MapReduce is a popular distributed programming framework for large-scale data processing. To prevent MapReduce jobs from being interrupted by node failures that occur frequently in a MapReduce cluster consisting of a set of commodity machines/nodes, the most well-known MapReduce implementation, i.e. Hadoop, adopts a task re-execution policy (TR policy). When a map/reduce task of a job crashes, the TR policy assigns another node to reperform the task. However, the impact of the TR policy on MapReduce jobs in terms of reliability, job turnaround time (JTT) and energy consumption are not clear, particularly when jobs have different features, e.g. different filtering percentages, different input-data sizes, and different numbers of reduce tasks. In this paper, we formally analyze the job completion reliability (JCR) of a job based on Poisson distributions, and then derive the expected JTT and job energy consumption (JEC) based on the universal generation function.
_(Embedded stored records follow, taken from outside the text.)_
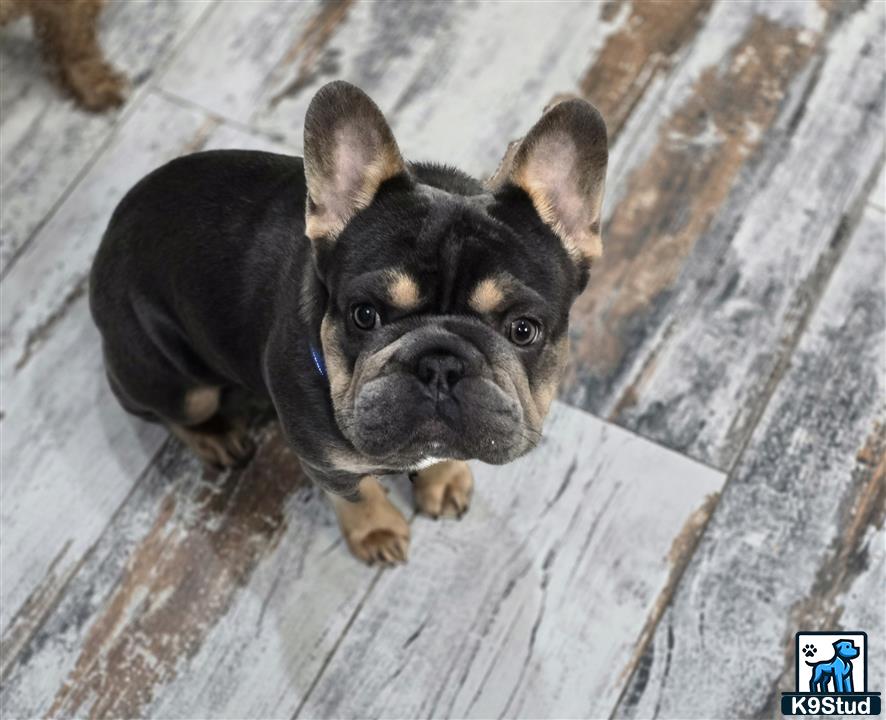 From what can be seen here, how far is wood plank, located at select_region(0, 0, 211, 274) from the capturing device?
3330mm

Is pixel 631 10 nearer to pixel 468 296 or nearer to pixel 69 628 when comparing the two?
pixel 468 296

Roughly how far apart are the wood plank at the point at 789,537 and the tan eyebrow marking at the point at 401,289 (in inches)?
48.3

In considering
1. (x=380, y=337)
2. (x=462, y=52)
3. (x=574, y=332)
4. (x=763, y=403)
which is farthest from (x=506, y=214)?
(x=462, y=52)

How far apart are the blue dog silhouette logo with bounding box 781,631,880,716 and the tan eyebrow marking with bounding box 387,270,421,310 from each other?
4.69ft

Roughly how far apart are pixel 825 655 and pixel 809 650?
0.04m

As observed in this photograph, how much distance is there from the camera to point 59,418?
309cm

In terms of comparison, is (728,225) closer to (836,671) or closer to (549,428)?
(549,428)

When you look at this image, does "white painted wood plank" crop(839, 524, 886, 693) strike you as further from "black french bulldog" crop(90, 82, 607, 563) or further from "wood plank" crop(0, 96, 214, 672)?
"wood plank" crop(0, 96, 214, 672)

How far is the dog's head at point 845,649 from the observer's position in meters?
2.84

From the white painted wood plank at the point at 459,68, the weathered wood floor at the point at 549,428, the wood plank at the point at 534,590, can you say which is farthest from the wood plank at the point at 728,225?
the white painted wood plank at the point at 459,68

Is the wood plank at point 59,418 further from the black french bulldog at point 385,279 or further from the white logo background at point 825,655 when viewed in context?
the white logo background at point 825,655

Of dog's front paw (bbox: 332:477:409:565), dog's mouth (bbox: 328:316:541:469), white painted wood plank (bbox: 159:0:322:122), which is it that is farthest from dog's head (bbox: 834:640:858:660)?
white painted wood plank (bbox: 159:0:322:122)

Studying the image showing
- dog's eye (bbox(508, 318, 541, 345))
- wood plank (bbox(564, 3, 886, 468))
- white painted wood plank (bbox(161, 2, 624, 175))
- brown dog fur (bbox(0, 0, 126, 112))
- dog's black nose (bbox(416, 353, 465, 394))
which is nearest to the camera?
dog's black nose (bbox(416, 353, 465, 394))

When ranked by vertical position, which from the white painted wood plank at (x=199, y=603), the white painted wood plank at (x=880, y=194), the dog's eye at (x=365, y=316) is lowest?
the white painted wood plank at (x=199, y=603) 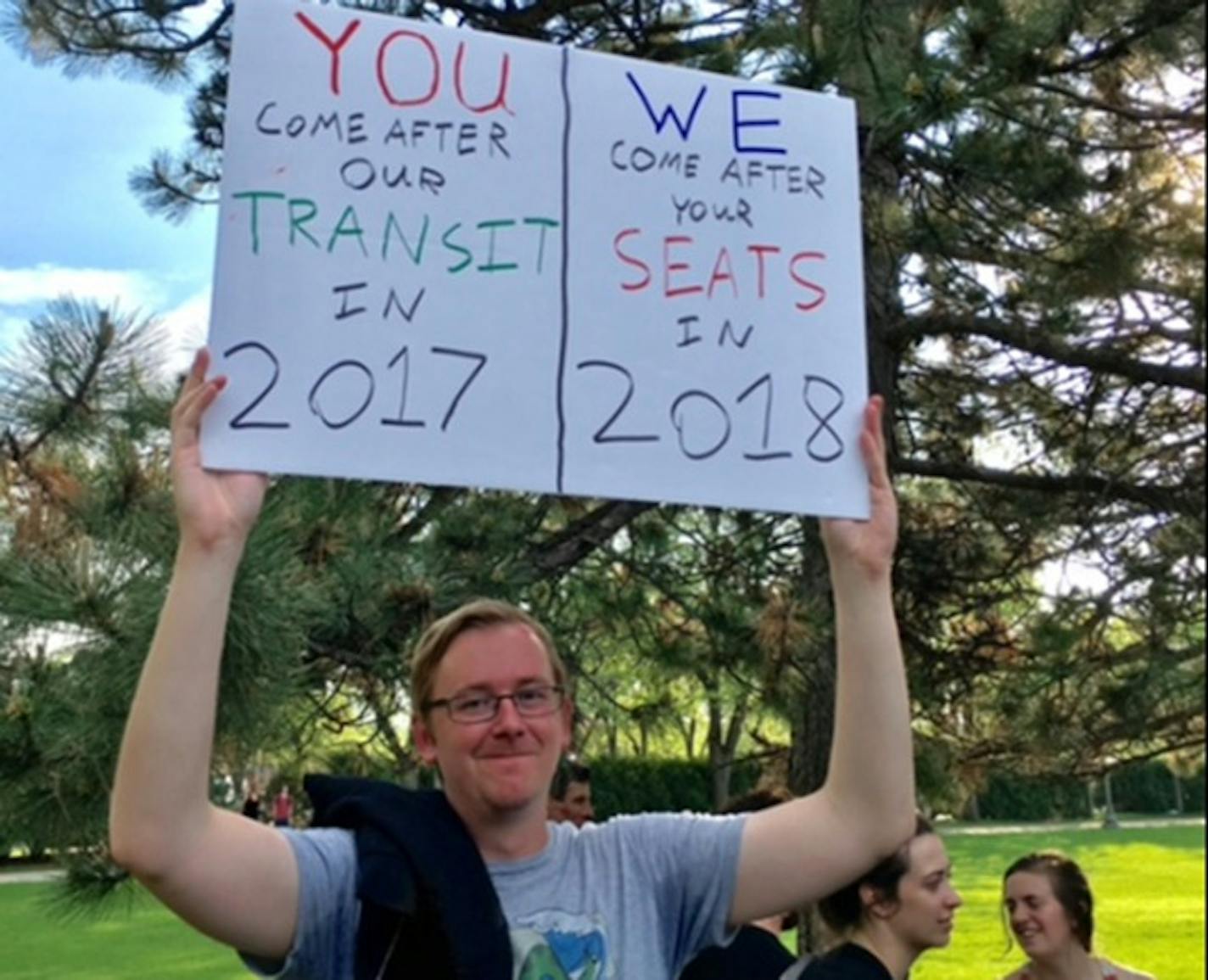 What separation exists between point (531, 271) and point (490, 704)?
1.90 ft

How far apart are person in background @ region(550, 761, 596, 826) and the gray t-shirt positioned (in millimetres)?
1603

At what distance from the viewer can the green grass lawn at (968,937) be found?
9805 millimetres

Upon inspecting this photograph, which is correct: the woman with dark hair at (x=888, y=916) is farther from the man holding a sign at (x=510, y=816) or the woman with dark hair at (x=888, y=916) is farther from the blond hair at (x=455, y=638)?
the blond hair at (x=455, y=638)

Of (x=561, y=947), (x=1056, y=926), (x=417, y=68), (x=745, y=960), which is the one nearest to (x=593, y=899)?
(x=561, y=947)

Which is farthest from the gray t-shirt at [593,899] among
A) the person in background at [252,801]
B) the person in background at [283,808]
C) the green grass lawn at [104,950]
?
the green grass lawn at [104,950]

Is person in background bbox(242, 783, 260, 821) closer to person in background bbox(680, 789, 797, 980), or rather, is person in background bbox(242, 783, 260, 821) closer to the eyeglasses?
person in background bbox(680, 789, 797, 980)

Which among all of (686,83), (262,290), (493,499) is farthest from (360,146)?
(493,499)

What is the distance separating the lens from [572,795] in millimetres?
3459

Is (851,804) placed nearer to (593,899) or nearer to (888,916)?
(593,899)

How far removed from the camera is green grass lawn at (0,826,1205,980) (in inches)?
386

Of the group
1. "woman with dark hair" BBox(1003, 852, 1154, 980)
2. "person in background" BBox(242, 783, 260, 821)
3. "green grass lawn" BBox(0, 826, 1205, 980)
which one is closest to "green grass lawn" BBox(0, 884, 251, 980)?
"green grass lawn" BBox(0, 826, 1205, 980)

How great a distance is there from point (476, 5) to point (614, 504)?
1669 millimetres

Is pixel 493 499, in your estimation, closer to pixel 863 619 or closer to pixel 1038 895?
pixel 1038 895

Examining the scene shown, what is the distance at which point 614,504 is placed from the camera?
187 inches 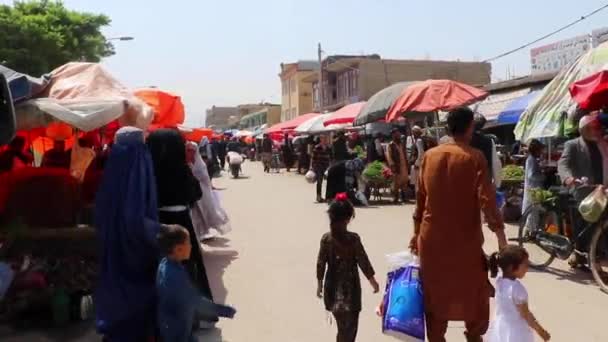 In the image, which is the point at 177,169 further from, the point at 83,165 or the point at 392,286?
the point at 83,165

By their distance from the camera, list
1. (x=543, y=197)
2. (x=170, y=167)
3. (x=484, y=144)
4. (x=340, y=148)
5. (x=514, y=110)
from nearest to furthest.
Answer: (x=170, y=167), (x=484, y=144), (x=543, y=197), (x=340, y=148), (x=514, y=110)

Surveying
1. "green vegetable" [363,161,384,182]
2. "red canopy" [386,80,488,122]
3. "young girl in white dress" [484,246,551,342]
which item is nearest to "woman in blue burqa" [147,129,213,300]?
"young girl in white dress" [484,246,551,342]

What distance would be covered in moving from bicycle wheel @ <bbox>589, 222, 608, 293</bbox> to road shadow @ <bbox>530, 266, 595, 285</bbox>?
40cm

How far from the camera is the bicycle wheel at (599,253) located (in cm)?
682

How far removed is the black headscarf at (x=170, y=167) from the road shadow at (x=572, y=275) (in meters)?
4.32

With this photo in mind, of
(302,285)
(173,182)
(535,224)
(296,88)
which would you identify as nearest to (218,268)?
(302,285)

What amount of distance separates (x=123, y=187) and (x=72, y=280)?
1886mm

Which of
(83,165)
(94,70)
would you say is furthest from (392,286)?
(83,165)

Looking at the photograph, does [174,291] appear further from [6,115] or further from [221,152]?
[221,152]

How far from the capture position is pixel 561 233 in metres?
8.04

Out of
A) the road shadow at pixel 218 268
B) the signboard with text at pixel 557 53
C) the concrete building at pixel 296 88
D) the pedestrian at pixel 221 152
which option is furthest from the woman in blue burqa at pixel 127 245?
the concrete building at pixel 296 88

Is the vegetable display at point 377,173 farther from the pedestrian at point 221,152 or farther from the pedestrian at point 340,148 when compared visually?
the pedestrian at point 221,152

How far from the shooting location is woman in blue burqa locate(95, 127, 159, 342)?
495cm

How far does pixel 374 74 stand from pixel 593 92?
4026 cm
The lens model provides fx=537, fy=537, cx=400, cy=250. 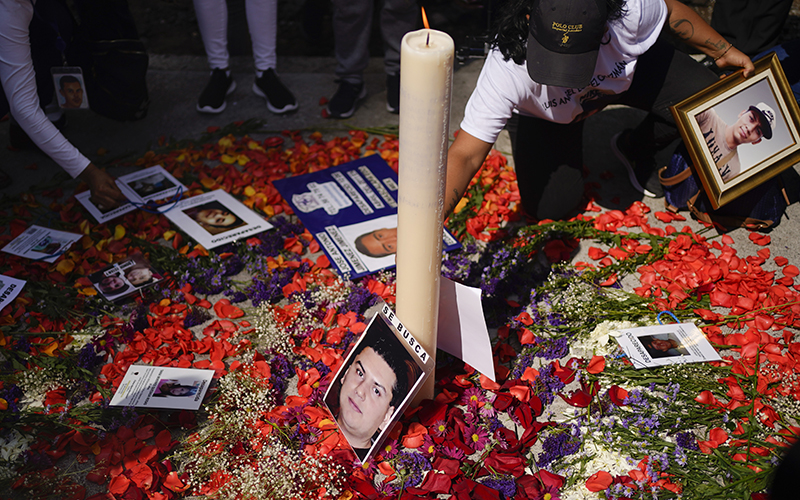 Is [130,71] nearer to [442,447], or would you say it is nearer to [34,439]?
[34,439]

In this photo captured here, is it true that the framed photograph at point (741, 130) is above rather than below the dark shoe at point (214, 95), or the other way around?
above

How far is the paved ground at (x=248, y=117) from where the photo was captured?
107 inches

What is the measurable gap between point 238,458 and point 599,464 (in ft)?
3.48

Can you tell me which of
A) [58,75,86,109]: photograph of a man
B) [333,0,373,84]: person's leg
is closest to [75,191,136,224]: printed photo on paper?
[58,75,86,109]: photograph of a man

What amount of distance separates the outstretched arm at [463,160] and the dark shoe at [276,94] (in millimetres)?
1640

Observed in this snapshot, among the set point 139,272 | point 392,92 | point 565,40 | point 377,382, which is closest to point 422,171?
point 377,382

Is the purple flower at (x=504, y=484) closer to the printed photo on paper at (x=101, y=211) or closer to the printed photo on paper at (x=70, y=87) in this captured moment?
the printed photo on paper at (x=101, y=211)

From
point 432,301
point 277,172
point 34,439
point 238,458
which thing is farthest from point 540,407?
point 277,172

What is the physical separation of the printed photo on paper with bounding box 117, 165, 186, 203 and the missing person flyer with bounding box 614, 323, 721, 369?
6.99 feet

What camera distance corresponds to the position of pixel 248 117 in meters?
3.23

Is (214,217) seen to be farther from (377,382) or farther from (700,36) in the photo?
(700,36)

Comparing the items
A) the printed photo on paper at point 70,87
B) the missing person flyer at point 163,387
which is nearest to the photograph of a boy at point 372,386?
the missing person flyer at point 163,387

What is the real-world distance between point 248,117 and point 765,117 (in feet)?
8.65

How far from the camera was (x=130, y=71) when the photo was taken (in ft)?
9.73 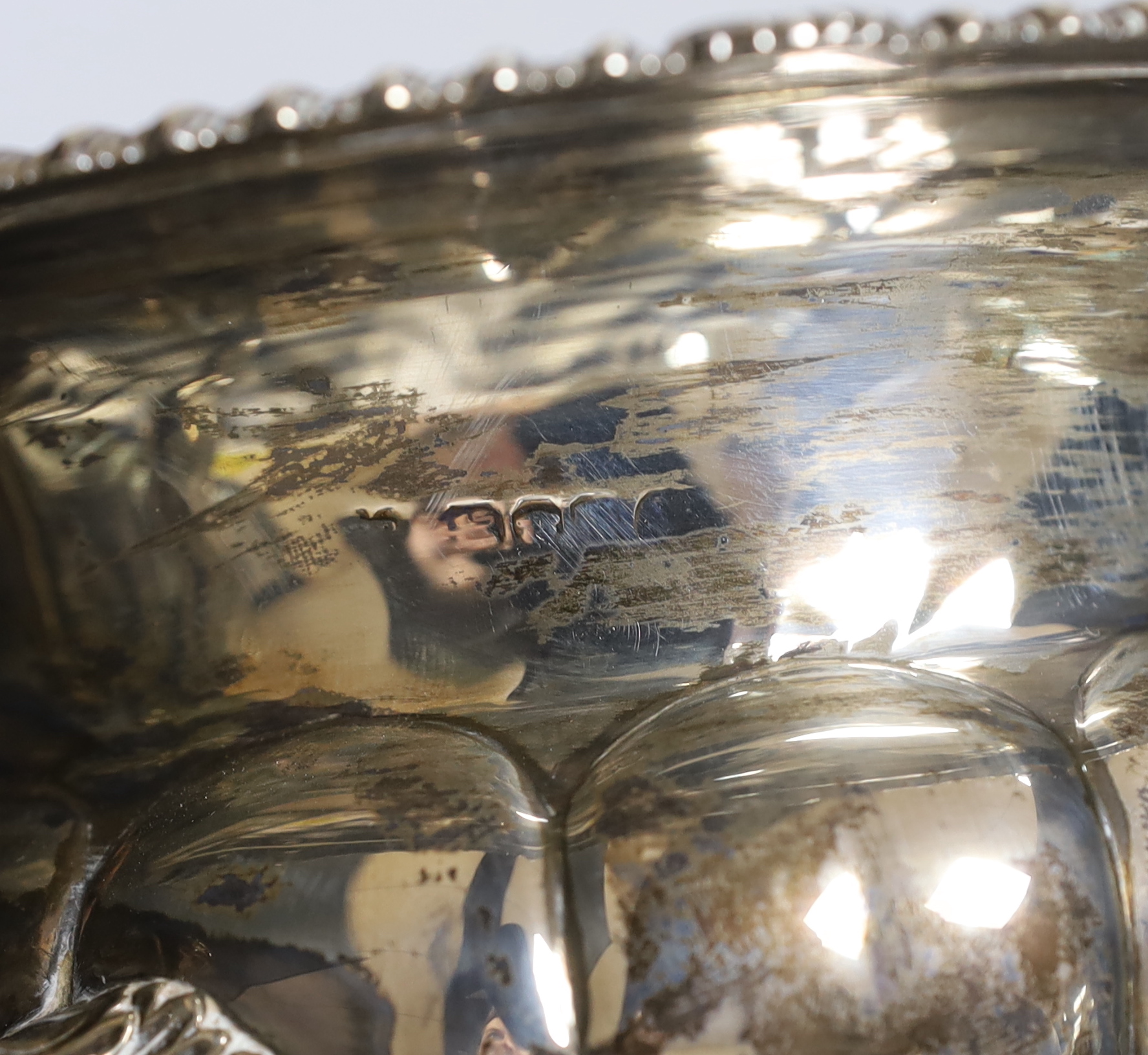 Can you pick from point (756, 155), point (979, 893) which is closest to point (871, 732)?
point (979, 893)

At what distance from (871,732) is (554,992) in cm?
10

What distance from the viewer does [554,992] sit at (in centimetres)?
25

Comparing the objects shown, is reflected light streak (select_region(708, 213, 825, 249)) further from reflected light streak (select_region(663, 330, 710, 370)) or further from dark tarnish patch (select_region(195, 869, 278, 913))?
dark tarnish patch (select_region(195, 869, 278, 913))

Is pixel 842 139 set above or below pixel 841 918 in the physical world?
above

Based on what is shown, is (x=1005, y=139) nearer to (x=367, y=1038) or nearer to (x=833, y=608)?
(x=833, y=608)

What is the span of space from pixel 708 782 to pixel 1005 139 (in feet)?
0.61

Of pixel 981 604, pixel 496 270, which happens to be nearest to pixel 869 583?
pixel 981 604

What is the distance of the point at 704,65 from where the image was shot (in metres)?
0.25

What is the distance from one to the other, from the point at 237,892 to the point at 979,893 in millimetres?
184

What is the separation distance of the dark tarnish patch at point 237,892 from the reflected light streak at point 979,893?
16 cm

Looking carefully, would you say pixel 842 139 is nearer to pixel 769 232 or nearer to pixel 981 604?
pixel 769 232

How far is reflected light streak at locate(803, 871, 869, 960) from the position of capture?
0.78 ft

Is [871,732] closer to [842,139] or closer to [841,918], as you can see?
[841,918]

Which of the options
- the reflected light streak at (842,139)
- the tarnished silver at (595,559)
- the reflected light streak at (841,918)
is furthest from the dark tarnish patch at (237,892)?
the reflected light streak at (842,139) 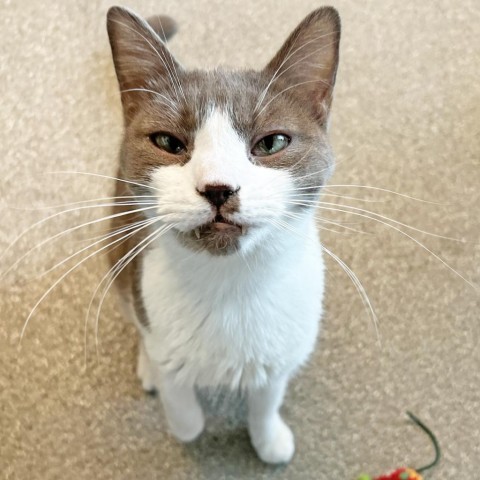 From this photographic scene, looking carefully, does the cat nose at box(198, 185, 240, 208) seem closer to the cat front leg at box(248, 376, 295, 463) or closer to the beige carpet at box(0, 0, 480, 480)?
the cat front leg at box(248, 376, 295, 463)

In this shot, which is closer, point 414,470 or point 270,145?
point 270,145

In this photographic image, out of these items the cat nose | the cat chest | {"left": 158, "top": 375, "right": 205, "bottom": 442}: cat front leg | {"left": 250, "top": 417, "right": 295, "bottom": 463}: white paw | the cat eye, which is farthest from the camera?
{"left": 250, "top": 417, "right": 295, "bottom": 463}: white paw

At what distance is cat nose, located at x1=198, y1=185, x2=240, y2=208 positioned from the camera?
2.35 feet

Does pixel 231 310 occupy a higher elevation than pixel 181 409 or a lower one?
higher

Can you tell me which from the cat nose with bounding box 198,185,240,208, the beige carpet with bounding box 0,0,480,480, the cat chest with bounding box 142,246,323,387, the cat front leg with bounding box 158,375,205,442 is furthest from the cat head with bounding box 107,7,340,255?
the beige carpet with bounding box 0,0,480,480

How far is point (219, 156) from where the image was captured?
0.75 meters

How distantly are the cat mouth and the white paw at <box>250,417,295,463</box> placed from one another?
0.58 metres

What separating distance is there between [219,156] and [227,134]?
5 centimetres

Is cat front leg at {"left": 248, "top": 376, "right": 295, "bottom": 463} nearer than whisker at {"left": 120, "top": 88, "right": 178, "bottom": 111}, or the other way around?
whisker at {"left": 120, "top": 88, "right": 178, "bottom": 111}

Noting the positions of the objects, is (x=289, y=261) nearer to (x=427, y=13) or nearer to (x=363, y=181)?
(x=363, y=181)

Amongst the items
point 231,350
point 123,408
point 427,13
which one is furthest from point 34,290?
point 427,13

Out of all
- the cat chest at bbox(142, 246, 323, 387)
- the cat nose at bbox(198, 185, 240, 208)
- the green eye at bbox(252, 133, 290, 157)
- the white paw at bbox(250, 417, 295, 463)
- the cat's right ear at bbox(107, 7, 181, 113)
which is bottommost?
the white paw at bbox(250, 417, 295, 463)

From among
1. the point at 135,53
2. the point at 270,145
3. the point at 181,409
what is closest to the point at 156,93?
the point at 135,53

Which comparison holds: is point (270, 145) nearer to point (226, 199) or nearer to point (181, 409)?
point (226, 199) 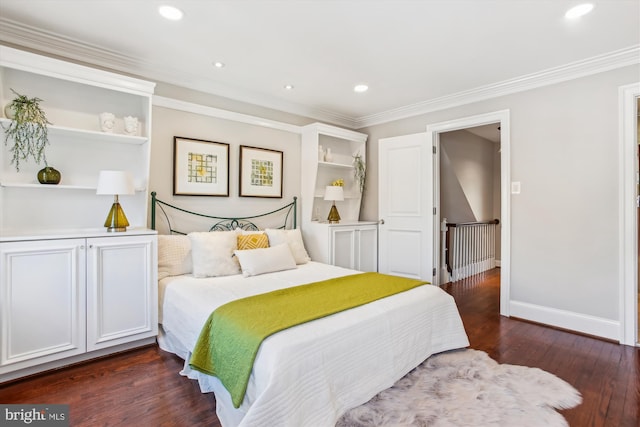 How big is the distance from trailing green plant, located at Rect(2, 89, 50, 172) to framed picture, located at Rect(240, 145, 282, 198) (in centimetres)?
171

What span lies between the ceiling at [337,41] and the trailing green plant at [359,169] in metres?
1.26

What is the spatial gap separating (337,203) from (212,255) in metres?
2.18

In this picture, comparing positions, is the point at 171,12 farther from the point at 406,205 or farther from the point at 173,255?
the point at 406,205

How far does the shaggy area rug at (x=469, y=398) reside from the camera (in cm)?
174

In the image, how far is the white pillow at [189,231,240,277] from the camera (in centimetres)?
287

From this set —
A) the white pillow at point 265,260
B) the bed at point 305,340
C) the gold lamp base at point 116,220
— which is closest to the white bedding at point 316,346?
the bed at point 305,340

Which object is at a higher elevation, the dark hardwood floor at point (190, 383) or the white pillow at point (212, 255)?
the white pillow at point (212, 255)

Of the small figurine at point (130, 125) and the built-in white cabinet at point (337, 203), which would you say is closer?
the small figurine at point (130, 125)

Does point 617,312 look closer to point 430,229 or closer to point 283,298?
point 430,229

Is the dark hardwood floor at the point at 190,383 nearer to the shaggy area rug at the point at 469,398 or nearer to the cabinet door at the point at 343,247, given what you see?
the shaggy area rug at the point at 469,398

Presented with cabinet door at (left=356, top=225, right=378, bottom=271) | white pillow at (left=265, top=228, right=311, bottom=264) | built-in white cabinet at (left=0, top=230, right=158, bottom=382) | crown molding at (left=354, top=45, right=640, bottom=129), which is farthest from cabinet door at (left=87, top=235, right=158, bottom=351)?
crown molding at (left=354, top=45, right=640, bottom=129)

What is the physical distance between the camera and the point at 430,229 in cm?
404

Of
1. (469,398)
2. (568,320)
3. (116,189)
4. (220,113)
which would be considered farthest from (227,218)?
(568,320)

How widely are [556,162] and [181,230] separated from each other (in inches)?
146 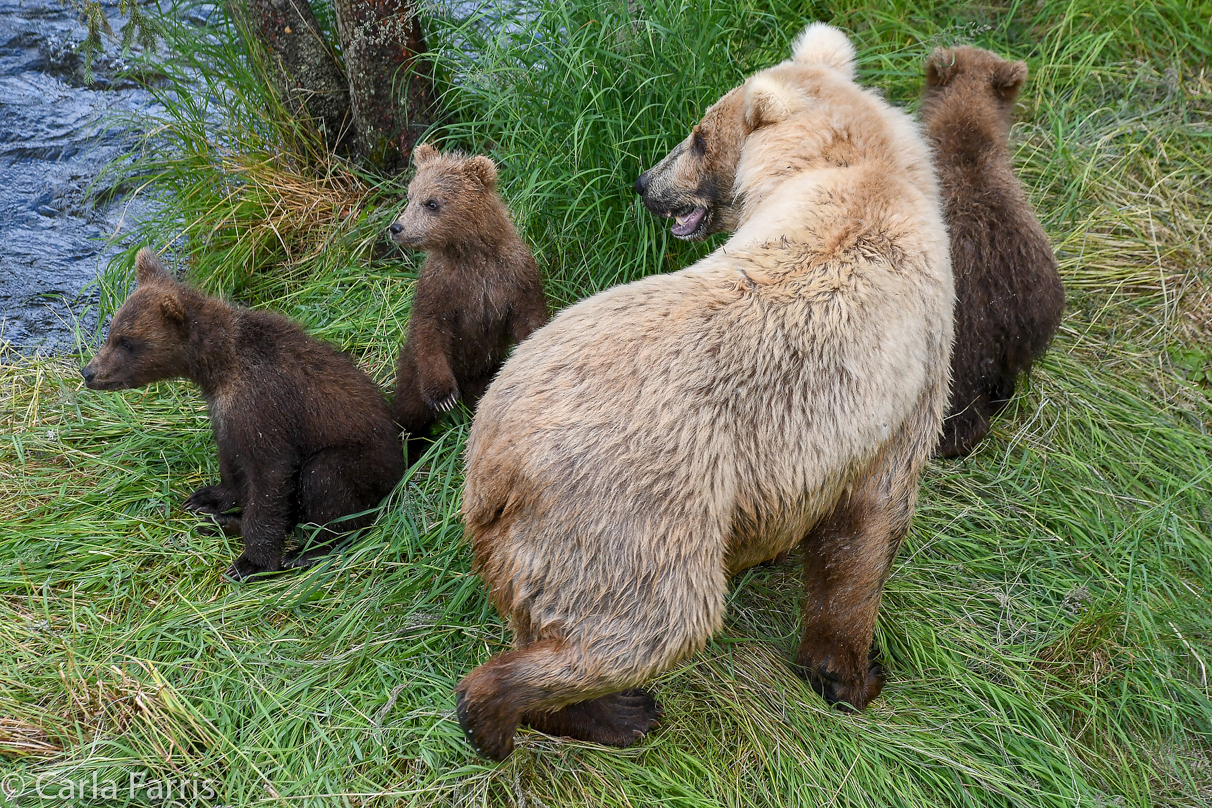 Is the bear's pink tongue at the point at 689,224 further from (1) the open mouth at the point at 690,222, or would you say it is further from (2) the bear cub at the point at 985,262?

Extensive analyses are further conducted to explore the impact of the TR policy on JCR, JTT and JEC of jobs with different features. The results show that employing the TR policy can dramatically improve JCR for a large MapReduce job. Moreover, if the JCR of a job is highly improved by the TR policy, the expected JTT and JEC will not be significantly prolonged and increased, respectively.
- Poisson distribution
- job completion reliability
- job energy consumption
- job turnaround time
- universal generation function